# My MaraX warm-up time findings



## Jason11

I thought I'd share my findings about the warm-up time for the MaraX this morning (disclaimer; this is in no way a scientific experiment).

I've read quite a lot about the MaraX ideally needing a good 35 minutes to warm-up and have always left it at least that before pulling a shot.

My MaraX is on a WiFi plug which comes on at 5.30am. Weekdays I get up at 6am and have a bowl of cereal followed by making a Latte at around 6.15am so a 45 minute warm-up time for the machine. This morning I came downstairs to discover the filler tank light was flashing and the machine stone cold with 0 bar on the gauge so it hadn't started any warm-up cycle. I topped up the filler tank and it started its warm-up cycle. After around 15-16 minutes the machine purged some water and the lights were both solid indicating the machine was ready. The grouphead thermometer read @85oC at this point (it usually sits between 89-91oC when idling) so I thought I'd take a chance and pull a shot anyway as I was needed to leave for work. The temp for the shot was a normal 93.5-93.8oC that was pulled and I couldn't taste any difference for the shot I got compared with a fully (35-40 minute) warmed up machine.

I just thought I'd share this information for potential MaraX owners who've seen the quoted 35-40 minute warm-up times and maybe discounted the machine for this reason.


----------



## MediumRoastSteam

@Jason11 - that's really interesting. If you do that again at some point, could you touch the e61 and feel how hot it is?


----------



## Jason11

Jason11 said:


> This morning I came downstairs to discover the filler tank light was flashing and the machine stone cold with 0 bar on the gauge so it hadn't started any warm-up cycle.


@MediumRoastSteam stone cold


----------



## MediumRoastSteam

Jason11 said:


> @MediumRoastSteam stone cold


 I mean, *after* the said 15m warm up! ???? - I'd be interested to see if it's super hot or just hot. I owned an HX back in the day and it was ready 26 minutes from cold. 15 minutes is fantastic!

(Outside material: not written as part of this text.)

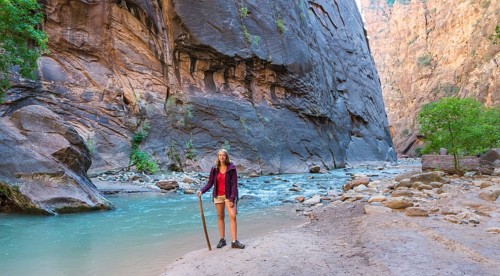 Hiker standing next to river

one trick you can do too is to wrap a towel around the E61 for a super fast warm up! Not sure how that works with the MaraX though and its software.


----------



## DavecUK

In my tests it took 24m to be thermally correct. Mine wasn't correct on brew temps when the lights stopped flashing at 17m.


----------



## Jason11

MediumRoastSteam said:


> I mean, *after* the said 15m warm up!  - I'd be interested to see if it's super hot or just hot. I owned an HX back in the day and it was ready 26 minutes from cold. 15 minutes is fantastic!
> 
> one trick you can do too is to wrap a towel around the E61 for a super fast warm up! Not sure how that works with the MaraX though and its software.

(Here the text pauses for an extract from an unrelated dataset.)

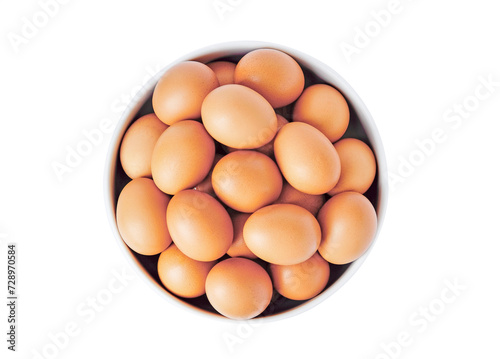 Top view of raw brown eggs on bowl isolated on white background.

Sorry misunderstood, I'll burn my hand for you Alberto


----------



## Jason11

DavecUK said:


> In my tests it took 24m to be thermally correct. Mine wasn't correct on brew temps when the lights stopped flashing at 17m.


I suspect it wouldn't be thermally stable from the 15-16m time when the light stopped flashing and would ideally be best to wait for the 35 minutes if its an option but at a push in an emergency (well it was for me anyway ) you can make an acceptable shot when the light stops flashing I reckon (if the grouphead thermometer is nearly up to temp)

I also saw another YT video where the tests showed it was good at 24m then unstable until 35m then stable after that.

I'll still usually have the minimum 35 minute warm-up time as it's generally on if I'm at home but would be happy to pull a shot quicker if ever the situation arises again. Although I will get in the habit of topping up the filler tank last thing at night when emptying the drip tray from now!


----------



## DavecUK

In an emergency, I'll pull a shot from anything in 15m with some flushing to warm things. 🙄


----------